Friday, March 15, 2024

Review of "97 Orchard: An Edible History of Five Immigrant Families in One New York Tenement" by Jane Ziegelman

A nice idea - a history of immigration to the US (and New York's Lower East Side in particular) told through the stories of five families who had all lived in one building at different times; made easier by the fact that the building in question has become the Tenement Museum. 

To my surprise I learned quite a lot, about the different waves of immigrants...I'd thought that I knew most of it, but I was wrong. In particular, I learned how much more assimilation-oriented the German Jews who came in the 1850s were - Jewish cookbooks with recipes for ham, pork and shellfish, and justifications for why oysters were kosher; and I learned about how poor and despised the second wave of Italian immigrants had been, and how they had done the dirtiest jobs and lived in the worst places, and still believed themselves to be culturally superior (or at least superior in terms of food) to the "native" US population.

And lots more too. I read this on kindle, but I think it's going to be bought as a present for various friends. 

Wednesday, March 13, 2024

Review of "In the Skin of a Lion" by Michael Ondaatje

Beautifully written historical novel about the immigrants who built Toronto, with good characters, a slightly confusing plot, but fantastic descriptions of buildings and places - well, it is about construction and infrastructure. Definitely worth a read.

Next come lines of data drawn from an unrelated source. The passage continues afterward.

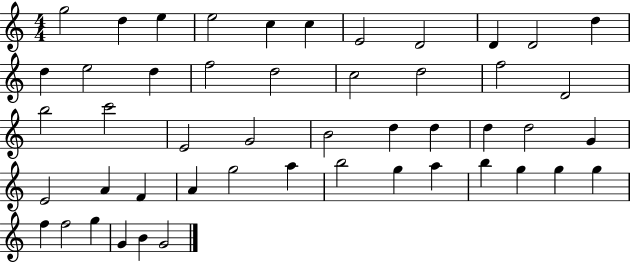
X:1
T:Untitled
M:4/4
L:1/4
K:C
g2 d e e2 c c E2 D2 D D2 d d e2 d f2 d2 c2 d2 f2 D2 b2 c'2 E2 G2 B2 d d d d2 G E2 A F A g2 a b2 g a b g g g f f2 g G B G2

Review of "Occult America: The Secret History of How Mysticism Shaped our Nation" by Mitch Horowitz

A nice, readable ramble through the undergrowth of the American mind, with lots of stuff about weird sects, cults, communities and religions. 

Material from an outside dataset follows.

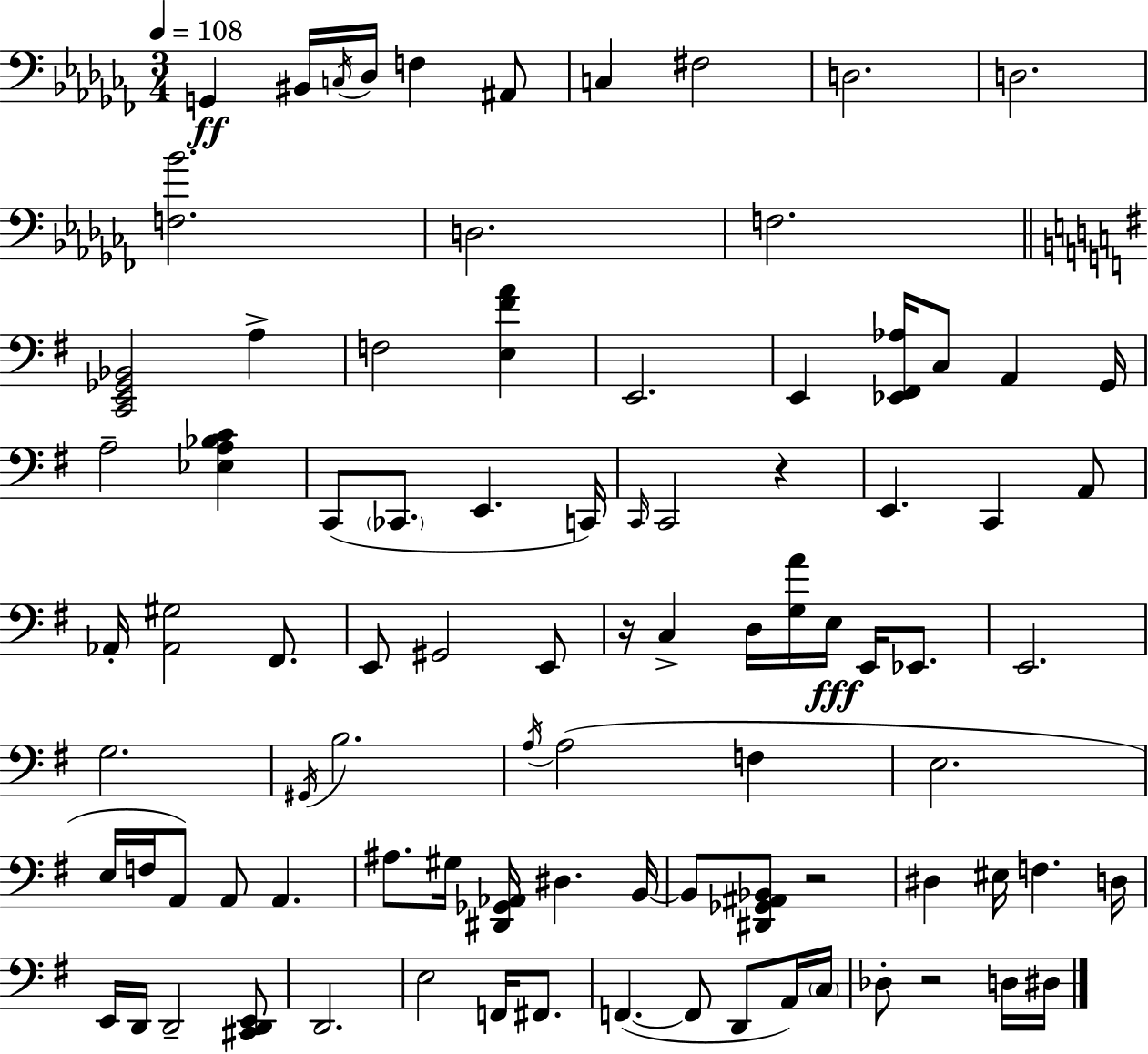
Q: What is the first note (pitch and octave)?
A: G2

The author is more than a little sympathetic to the claims of alternative religious movements, and while he's critical of the worst excesses of some exploitative leaders I think he tries hard - perhaps too hard - to be fair to most of them.

There's some bonkers stuff towards the end that might be categorised as metaphysics, but it's mainly readable and enjoyable.

Review of "The Solutions are Already Here Strategies for Ecological Revolution from Below" by Peter Gelderloos

It seems a bit unfair for me to write a review of this, because I didn't read all of it - just the first and the last chapters. The first was a decent run through of a lot (though not everything) that's wrong with our current technical-economic system, though without much new, and in the manner of books already a bit out of date. 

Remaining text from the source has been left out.